For the guests aboard a Thomson Cruise out of St. Vincent, the excitement ended in disaster and, well, downright horror, at the hands of a passing boat of whalers.
One of the crew aboard the tour boat, Ken Isaacs, shared that at first, they believed the cetacean that they’d spotted had been a pilot whale— a common sighting for the area— but on “closer examination of the animal’s back and dorsal fin, he realized that it was an orca.”
In all, the group was a pod of four that the tour was observing, until a small speedboat of about three fishermen chased the pod, and eventually shot a harpoon into an orca in front of the guests. Isaacs recalled that the boat had been told to turn around in the direction of another whale nearby, and that as the boat turned to face away, “there was a loud explosion as the spear was fired into the killer whale.”

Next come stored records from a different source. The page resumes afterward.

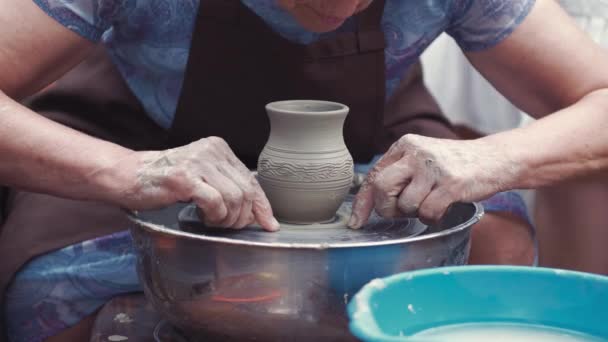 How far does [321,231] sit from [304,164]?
0.33ft

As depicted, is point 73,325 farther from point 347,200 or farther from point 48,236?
point 347,200

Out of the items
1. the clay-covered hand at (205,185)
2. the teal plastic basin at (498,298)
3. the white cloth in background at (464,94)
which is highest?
the clay-covered hand at (205,185)

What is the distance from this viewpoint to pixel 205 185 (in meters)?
1.23

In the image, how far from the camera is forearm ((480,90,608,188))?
4.69ft

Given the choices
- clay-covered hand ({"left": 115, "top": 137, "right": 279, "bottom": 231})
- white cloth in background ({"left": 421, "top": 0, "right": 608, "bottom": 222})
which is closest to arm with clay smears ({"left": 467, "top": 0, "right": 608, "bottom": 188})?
clay-covered hand ({"left": 115, "top": 137, "right": 279, "bottom": 231})

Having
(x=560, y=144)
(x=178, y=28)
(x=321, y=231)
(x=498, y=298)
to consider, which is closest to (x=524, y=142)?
(x=560, y=144)

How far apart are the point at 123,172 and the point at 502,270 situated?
0.58 m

The guests were mortified, even disturbed (and rightly so) by the events of watching this beautiful creature murdered before their eyes on what was supposed to be a fun, adventurous day out, to the point that Isaacs recalled “many of them were still crying as they arrived in Kingstown.”
Horrifically, this is actually an event that is legal and practiced in some places such as St. Vincent. Amazingly, activists continue to target SeaWorld and other AZA accredited zoos and aquariums, everyday, while they actually keep these types of animals safe, happy and away from harm.
Only one of these that groups actually needs to be united against and ended for the sake of our oceans and the species that live there, because while whaling is allowed to continue, the safety and well-being of our oceans can’t be ensured.
Until further notice, Thomson Cruise has cancelled bookings for their whale watching tours in St. Vincent.